And just as there are energy industry paid climate change skeptics, forestry in BC had it's Burson- Marsteller created Forest Alliance with Jack Munro and Patrick Moore as co-chairs of a public relations campaign to confuse the public about what changes were necessary and then to greenwash continuing business as usual. There will be no shortage of 'balanced' approaches to emission control advocated by business lobbies.

And forest companies and woodworking unions had environment officers - environmental containment officers - to talk the green talk while being well paid to relentlessly protect business as usual from needed change. In his photo-op walking through Stanley Park the new environment minister John Baird gave every indication that he will be a Conservative environmental containment minister. Everybody loves trees in Stanley Park and he linked the storm damage to climate change saying what the environment minister should have been saying out loud for education reasons ten years ago.

'Global warming hurts trees and we have to do something about it by 2050.' But don't expect Mr.Baird to educate about positive feedback from changes to the Earth's albedo from the melting Arctic ice cap and from methane and CO2 released from permafrost and how possible runaway climate change is a mortal threat to each Vancouver family. And don't expect effective emissions control any time soon.

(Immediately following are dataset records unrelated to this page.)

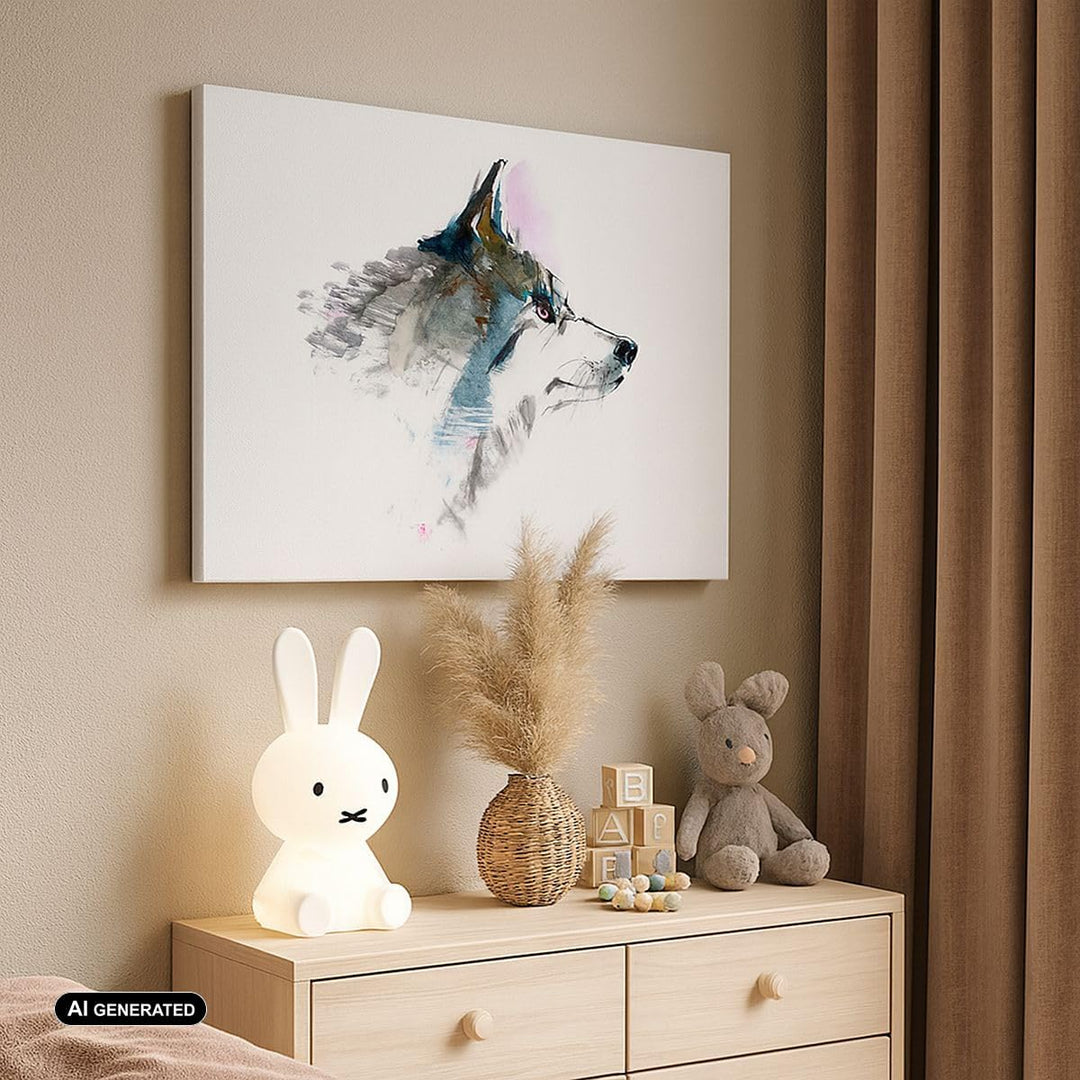Bilder auf Leinwand 100x70cm Leinwandbild Hund Illustration Fantasie Gross Wanddeko Bild Schlafzimme
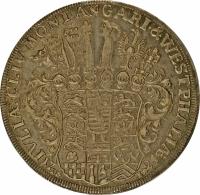 German States coin 1 Thaler - Johann Ernst VIII (1725 - 1728) reverse reverse of 1 Thaler - Johann Ernst VIII (1725 - 1728) coin with KM# 79 from German States. Inscription: IVLIAE.CLIV.MONT.ANGARI.& WESTPHALIAE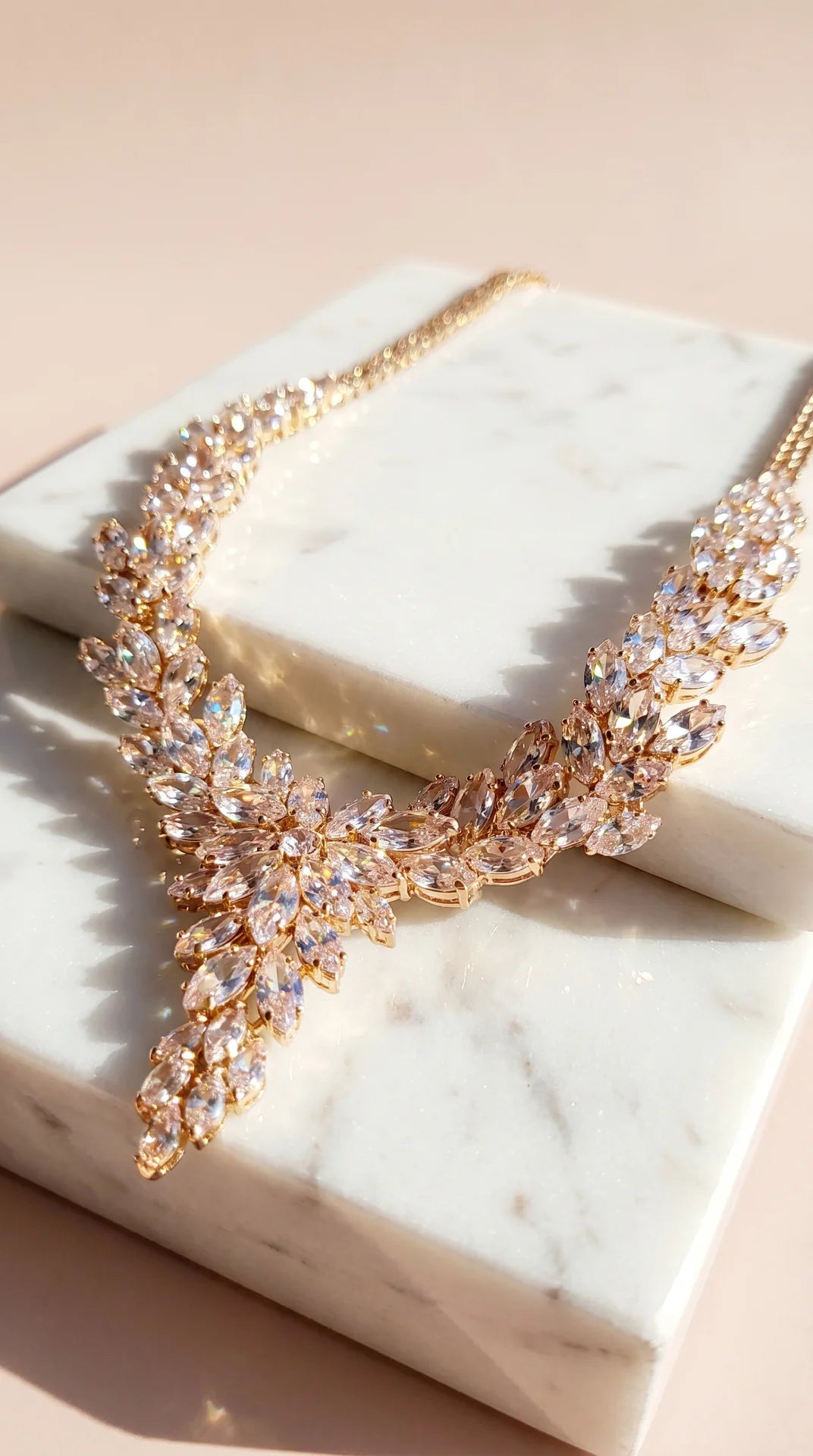 Layered Crystal Statement Necklace & Earrings Set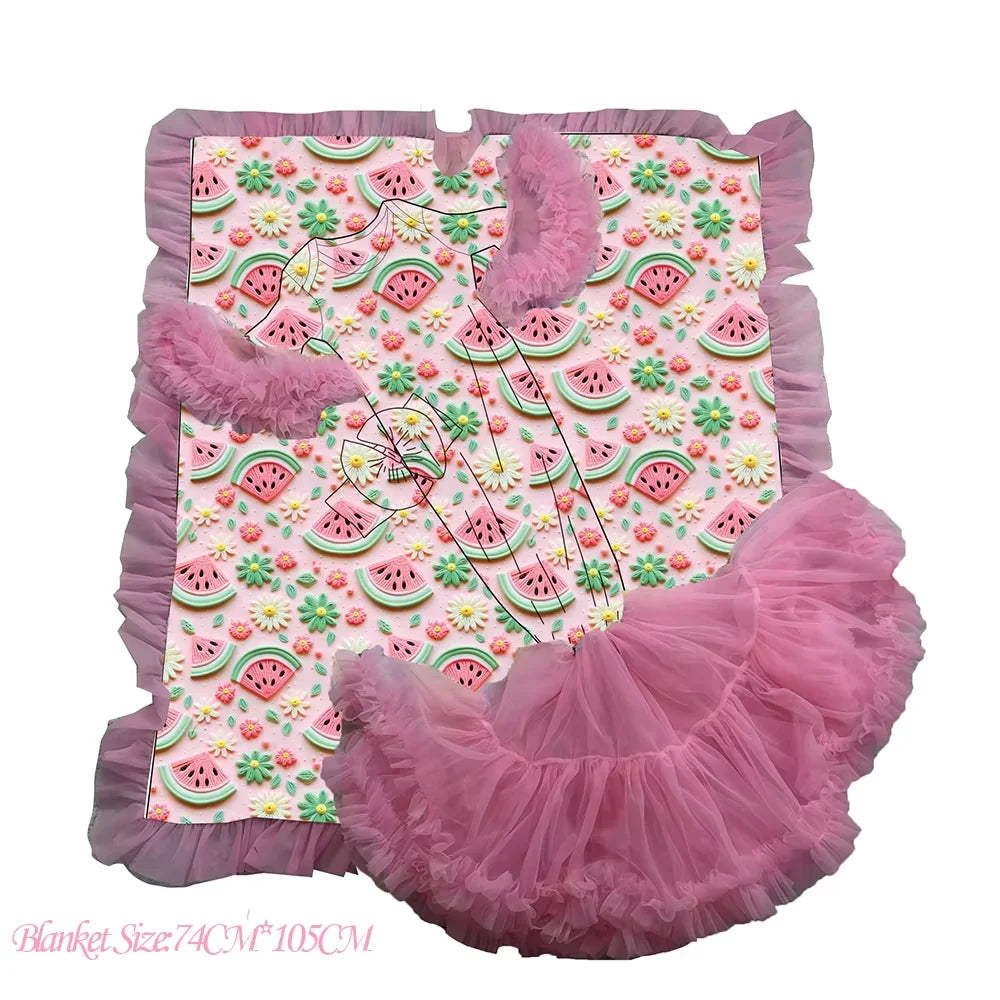New Baby Gown Clothes Watermelon Tutu Petti Gown Newborns Rainbow Flower Baby Girl Gown Matches Baby Blanket Customizable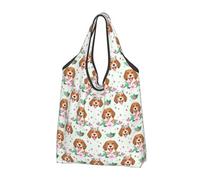 TZTTZT Bolsas reutilizables para la compra, bolsas de compras plegables, diseño de perro Beagle con flores rosas, bolsa de comestibles con asas, Negro, 3 PCS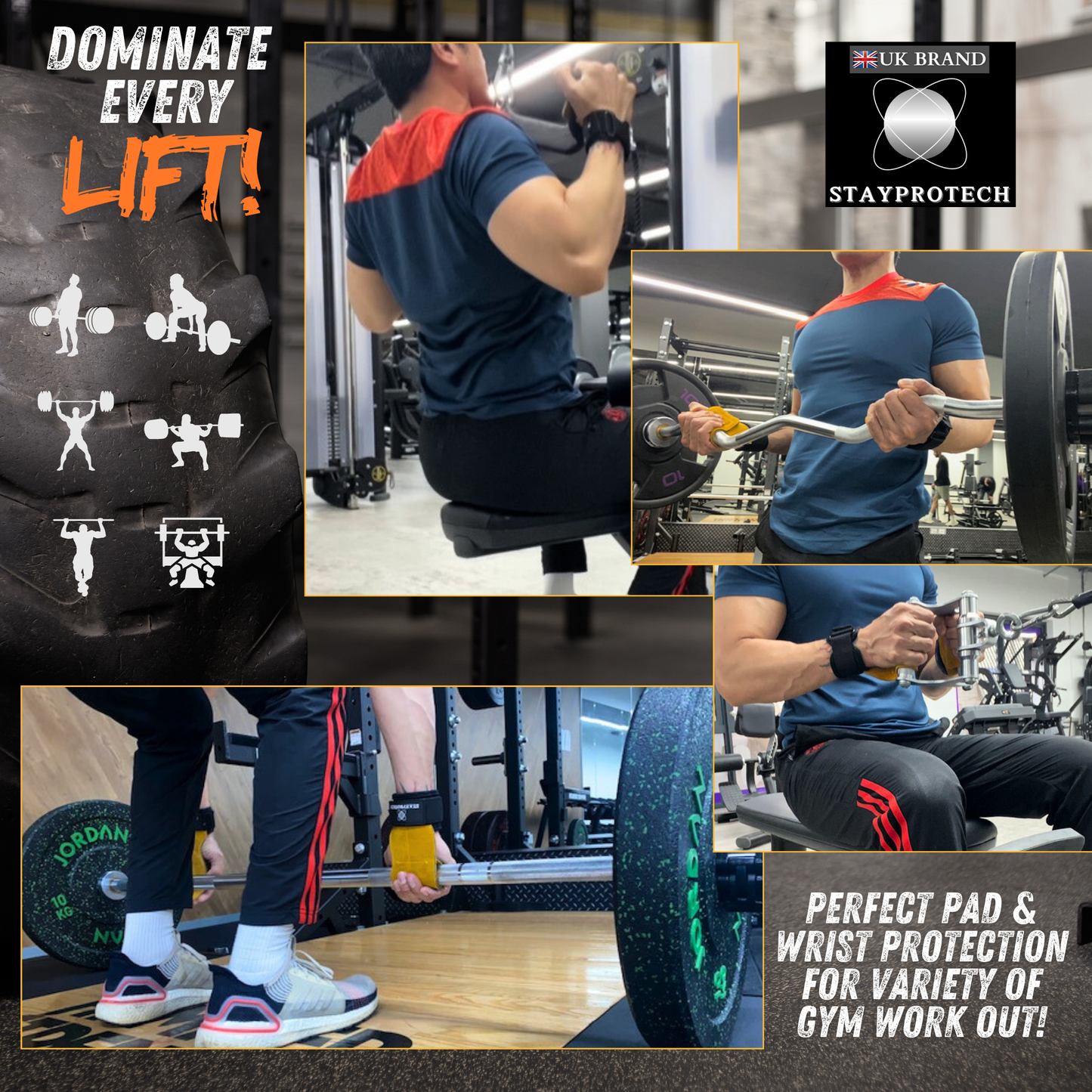 STAYPROTECH Leather Lifting Straps, Adjustable Gym Grips with Wrist Support for Men & Women – Heavy-Duty Hand Pads for Weight Lifting, Deadlifts & Powerlifting.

There are also legislators and civil servants that should be able to inform the climate policy debate with lessons learned from these past mistakes in forest policy change and help evolve abilities to be effective in regulating emission reduction:

Mike Harcourt: why did you mandate that needed biodiversity protection could only impact harvest levels by less than seven percent? Because the health of the forest industry as presently configured was more important than the long term health of forests we depend on? Isn't this fudging of needed change exactly what we should expect over the next crucial decade from the relentlessly politically motivated?

Stephen Owen: what happened to Special Management Zones? How come we still have Tree Farm Licenses and Timber Supply Areas? Wasn't CORE exactly the type of well meaning failure we should expect from governments that will not confront the fundamental reality of a profoundly energy wasting car culture? the trucking industry, suburban sprawl, the fossil fuel industry?  

The primary lesson from failed forestry change in BC for those concerned with climate change is that in our present governance system business as usual will marginalize intended incremental change. Governance innovation  is needed - a wartime-like coalition government with a mandate to radically restructure the Canadian socio-economy, for example - if we are serious about making emission reductions of a meaningful scale to keep temperature increase below an increase of 2C from the norm over the past millenia - the bottom line.

It is possible to envision a future healthy clean energy socio-economy and market-based policies will surely help get us there. But first we have to get off the path we have taken utilizing cheap fossil fuels with organization innovation that is both stabilizing and yet allows us to get to this new socio-economy as quickly as possible. 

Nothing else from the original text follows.